The Explorer also looks to the past with its new platform. Instead of sitting atop a front-wheel-drive platform like most crossovers, the Explorer boasts a rear-wheel-drive platform with optional four-wheel drive.
New, more advanced engine options. Another huge update for the Ford Explorer is an advanced line of engine options that deliver fantastic performance. In its base trim, the Explorer’s turbocharged 2.3-liter four-cylinder delivers 300 horsepower and 310 pound-feet of torque. The Platinum trim uses a 3.0-liter twin-turbo V6 with 365 hp and 380 lb-ft.
The Explorer also gains a new performance version, the ST. The Explorer ST uses the Platinum trim’s twin-turbo 3.0-liter V6, but Ford milked 400 hp and 415 lb-ft of torque from it. On top of its additional power, the ST gains a stiffer suspension and simulated engine noise in the cabin.

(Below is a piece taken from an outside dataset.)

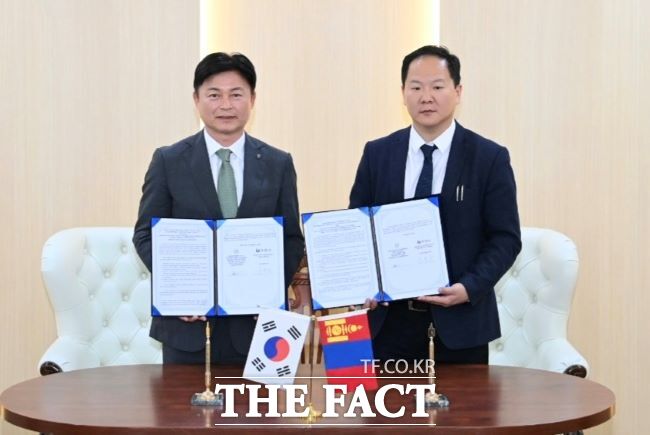 조용익 부천시장이 25일 부천시-울란바토르시 간 MOU를 체결했다./부천시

Standing out from others in its class is the new Limited Hybrid model that uses a 3.3-liter V6 and an electric motor to produce plenty of pop at 318 hp and 322 lb-ft of torque.
Final thoughts. With its long list of engine options that deliver plenty of power, up to a 5,600-pound towing capacity, a truck-like exterior, and a slick, feature-packed cabin, the 2020 Ford Explorer is a great option for most crossover buyers.
That said, its design may turn off buyers looking for the typical sleek crossover, and the Limited Hybrid will disappoint buyers seeking maximum fuel efficiency. With only an EPA-estimated 28 miles per gallon combined, the hybrid variant emphasizes performance and capability more than fuel economy.